We all know that being in debt is no fun—whether it’s a student loan, a car payment plan, or a home mortgage. Having to pay back what you owe means you have to forgo other things you would prefer to spend money on, and deny yourself opportunities to enhance your wellbeing.
There are also risks associated with debt, of course. What if you lose your job? Or your house or car is damaged and you don’t have adequate insurance to cover the loss? Inability to pay back debt can have a huge impact on your life.
Yet despite the drawbacks and risks, many of us are willing to go into debt for an education, to start a business, for reliable transportation, or for housing. In other words, we decide that there are instances when the benefits of borrowing money are greater than the costs of paying it back.
The federal government is supposed to be making the same calculation—looking at the risks posed by having debt, then deciding whether or not the benefits of the loan outweigh the risks. But that isn’t what the government is doing. Borrowing from foreign countries to enable current spending is now the standard operating procedure in Washington, no matter what the drawbacks of borrowing or the risks involved.
In 2000, U.S. national debt was about 57 percent of GDP. It grew to 70 percent in 2008, and today it is a full 102 percent of our GDP. The Congressional Budget Office (CBO) projects that in 25 years our debt will be double our GDP, meaning we will owe more than twice the value of all goods and services produced in America in an entire year. Think of this in terms of a household’s finances and budgeting: It would be the equivalent of a household having an annual income of $50,000, spending $88,000, putting the extra $38,000 on a credit card loaded with more than $320,000 of debt—and continuing to spend regardless.
The increase in the national debt is reaching staggering proportions. We are adding more than $1 trillion to it every year. If we continue spending at that rate then, in the coming decades, the interest on the debt alone will be nearly impossible to pay.
Bad enough as that is, there’s another disturbing aspect to having such massive debt: When the federal government borrows money, that money isn’t available to invest in the productive sector of the economy. And when we pay the interest on the growing debt, that money likewise is denied to entrepreneurs who might have put it to more effective use.
The interest on the national debt last year was more than $450 billion. (To use our household example again, that would be like earning $50,000 a year but having to pay $10,000 of it in credit card interest.) What if those interest payments had instead gone to entrepreneurs and innovators and start-ups? How many new jobs would have been created and how many new products brought to the market? What new industries didn’t even have the chance to get off the ground for lack of funds? We can only guess what might have happened and what opportunities we missed.

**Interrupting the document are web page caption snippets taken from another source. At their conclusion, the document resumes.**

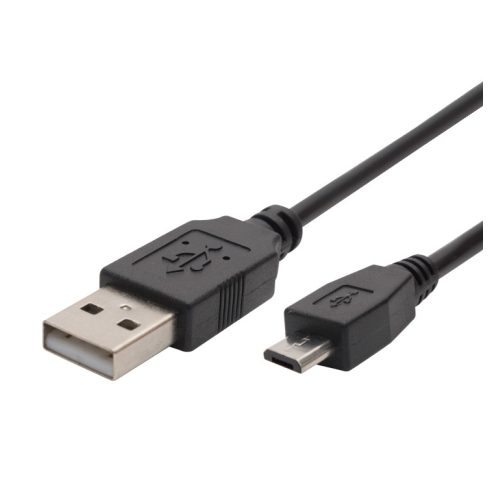 micro USB-B töltőkábel, HSO                                                                           USBA/MICRO-1
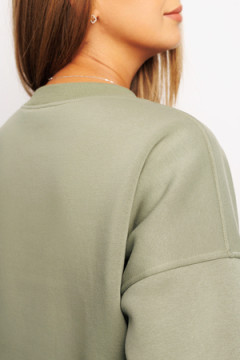 Свитшот худи оверсайз кофта с начесом 387KHK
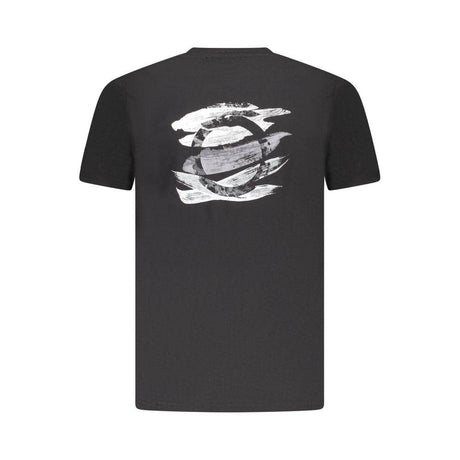 Trussardi Black Cotton Men T-Shirt - Hilstor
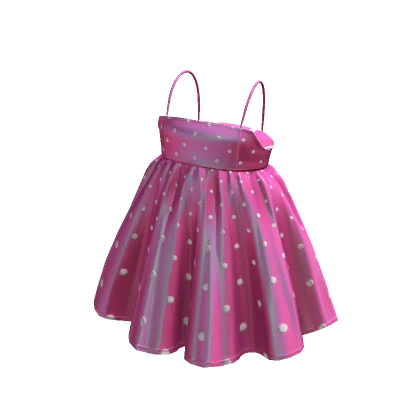 Lovely Babydoll Dress - y2k Pink Polka Dots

With each taxpayer currently on the hook for around $113,000 of our nation’s debt, we have to ask what we can do to prevent the cost of borrowing from getting even more damaging to our economy. Well, we simply have to stop doing what got us here in the first place: over-spending.
Take a look at the chart below.

The current gap between spending and revenue is sobering, as is the recent sharp increase in debt. Some argue that we should merely increase revenues to close the gap. But even if we did risk harming our fragile economy by raising taxes, the government is projected to continually increase its spending to a level that could not conceivably be covered by taxation, which leads to further debt and more harm. We need to control spending now.
A large national debt restricts economic freedom by forcing us to direct resources toward paying the debt instead of where we would have used them otherwise. What is the true cost of a huge national debt? It is jobs that would have been created, the goods and services that would have been offered, the opportunities that we’ll never have, and the economic freedom we have lost.